I permessi 104 non riducono le incentivazioni
Il Tribunale di Roma, IV sezione lavoro, ha emesso una sentenza che rafforza l'orientamento dei giudici del lavoro riguardo ai permessi per l'assistenza a persone disabili o per sé stessi (se disabili) secondo quanto previsto dall'articolo 33 della legge n. 104 del 1992. Secondo questa sentenza, tali assenze non possono influire negativamente sul quantum spettante a titolo di compensi incentivanti o premianti.
La sentenza fa seguito alla posizione assunta precedentemente dal giudice del lavoro di Catania in una sentenza del 2020. In entrambi i casi, si è ritenuto che l'operato delle pubbliche amministrazioni che escludono i giorni di permesso legge 104 dalla determinazione delle somme corrisposte come premi correlati alla performance sia "incomprensibile e discriminatorio."
La vicenda giudiziaria ha coinvolto l'Ispettorato nazionale del lavoro, in cui un dipendente beneficiario dei permessi legge 104 per l'assistenza a un familiare con grave disabilità ha agito in giudizio contro l'amministrazione. Il dipendente ha sostenuto che l'Ispettorato aveva erroneamente considerato i giorni di permesso come "giorni di presenza in servizio," alimentando una discriminazione evidente tra i dipendenti in situazioni simili, nonostante entrambi i gruppi perseguissero lo stesso obiettivo, ovvero la tutela del diritto alla salute.

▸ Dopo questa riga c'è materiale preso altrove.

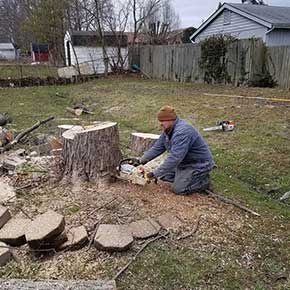 Tree Cutting/Removal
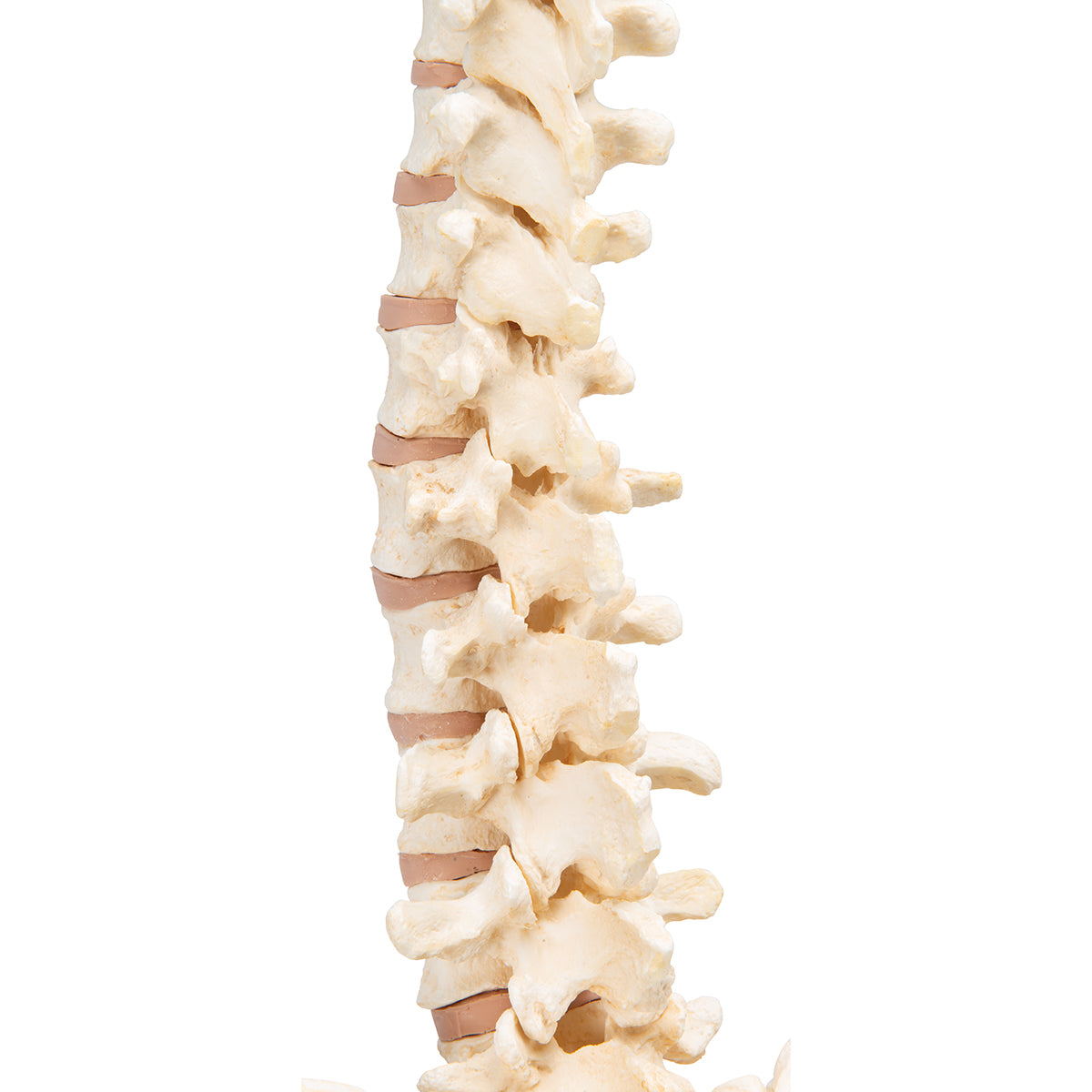 BONElike Human Vertebral Column Model - 3B Scientific A794, view 14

Il giudice del lavoro romano ha stabilito che la finalità dei permessi accordati dalla legge 104 del 1992, sia per i dipendenti disabili che per quelli che forniscono assistenza a familiari disabili, è la medesima: garantire la tutela del diritto costituzionalmente garantito alla salute. Di conseguenza, ha dichiarato che l'operato dell'Ispettorato era discriminatorio.
La sentenza ha quindi stabilito il diritto del dipendente a vedere conteggiati i giorni di permesso ai sensi dell'articolo 33, comma 3, della legge 104 del 1992 nel calcolo dell'indennità di performance organizzativa e ha disposto che le spese legali siano coperte dal datore di lavoro.